What is CZR?
From 1 April 2011 it became compulsory for certain land transactions to be compulsory zero rated (CZR). This means that GST will be charged at the zero percent. The regime will apply to almost all transactions involving land that are made between GST registered parties. There are some limited exclusions.
It is clear that the transfer of land itself or any interest in land is caught by the new regime. It will also cover any rights that give rise to an interest in land, an option to acquire land and shares in a flat owning company. It does not include the transfer of a mortgage. It will only catch commercial leases where more than 25% of the total rent is paid up front. If payment is made in this way a lease will be caught by the CZR regime.
When is CZR assessed?
We are used to the GST assessment of the transaction being made as at the time of supply. Under the CZR it will be assessed again at the settlement date. It will be extremely important to consider any changes in the intervening period carefully to determine that GST is properly dealt with.
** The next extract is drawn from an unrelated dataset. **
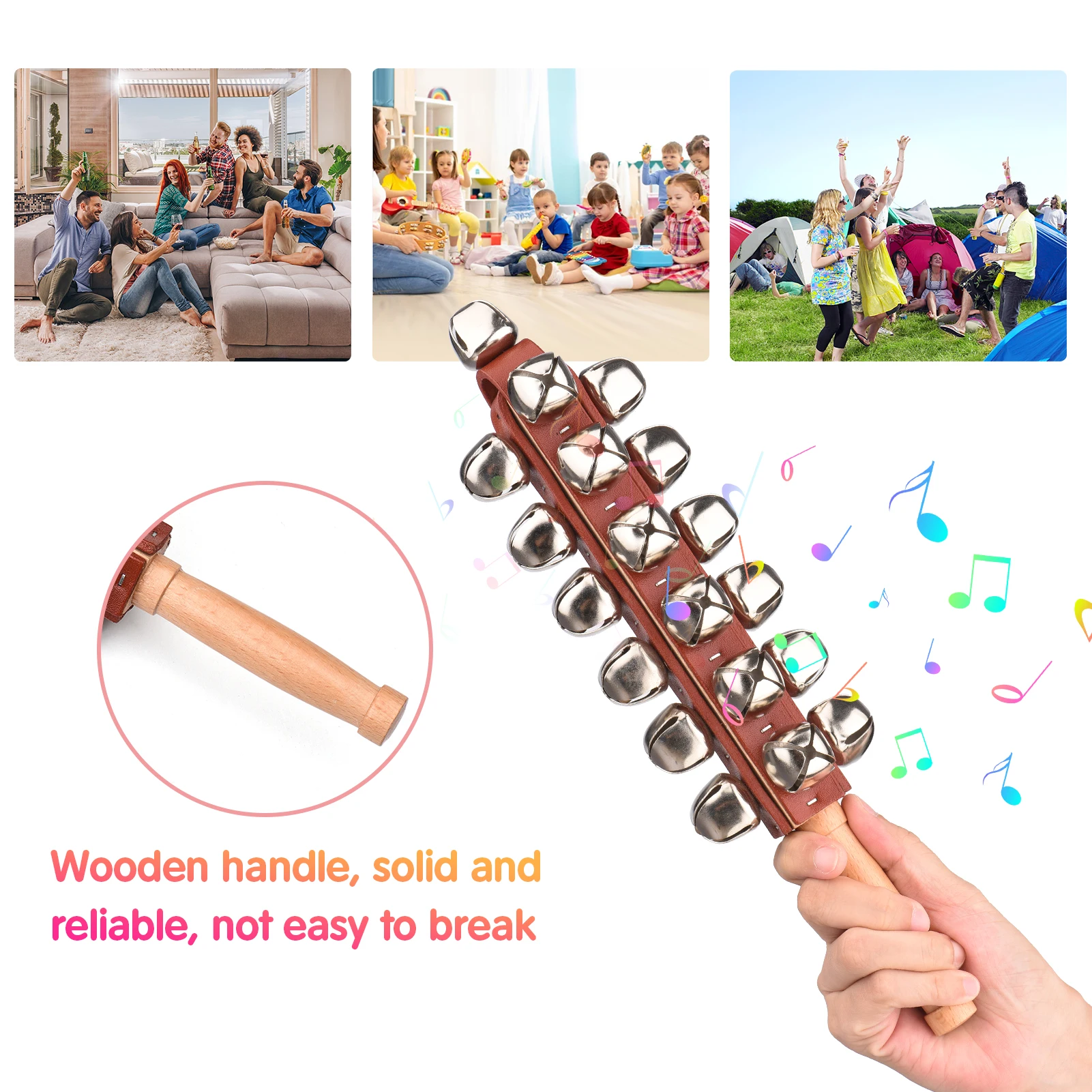 

Hand Jingle Bells Hand Sleigh Bells Wooden Shaker Jingle Bells Stick Musical Percussion Instrument Bells for Holiday Christmas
The addendum that has been prepared by ADLS/REINZ for use for the standard agreement for sale and purchase is simply a base line document. It is not intended to cover all circumstances.
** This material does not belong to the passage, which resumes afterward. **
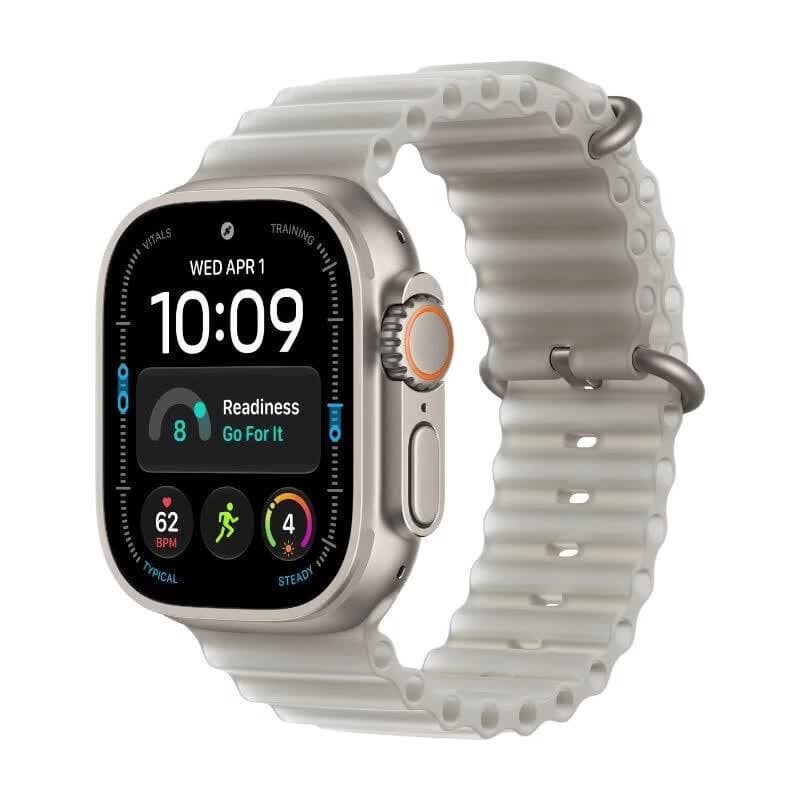 Apple Watch Ultra 4 - GPS + Cellular - 49 mm - titanium kast met doorschijnend grijs Ocean-bandje — afbeelding 1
The Purchaser’s Statement/Addendum
Importantly, the GST tax treatment of these transactions is now determined based primarily on the purchaser’s intentions at settlement. The purchaser is required to provide a statement in writing to the vendor where CZR applies. The statement must say whether at the date of settlement:
- They are or expect to be a registered person;
- That they are acquiring the land with the intention of using it for making taxable supplies at settlement;
- That they do not intend to use the land as a principal place of residence.
The addendum has been created by ADLS/REINZ for use in the standard form agreement for sale and purchase includes each of these statements.
The vendor is entitled to rely on the information provided by the purchaser in determining the tax treatment of the supply.
Nominees will be caught by these new rules. A sale transaction will be treated as a single supply from the vendor to the nominee.
Especially given the prospect of nominees there may be changes in the GST position between the time of signing, the time of supply and the settlement date.
From the vendor’s perspective the best practice will be to make all prices “plus GST” so that, if it transpires that GST is in fact payable to the Inland Revenue Department, the vendor is able to recover the GST from the purchaser. An example would be where a purchaser intending to GST register where it was thought CZR would apply, does not do so before settlement. If the transaction is priced “plus GST” the vendor can collect the GST from the purchaser on settlement. If it is priced “inclusive of GST” the vendor cannot, yet might need to account to the IRD for the GST.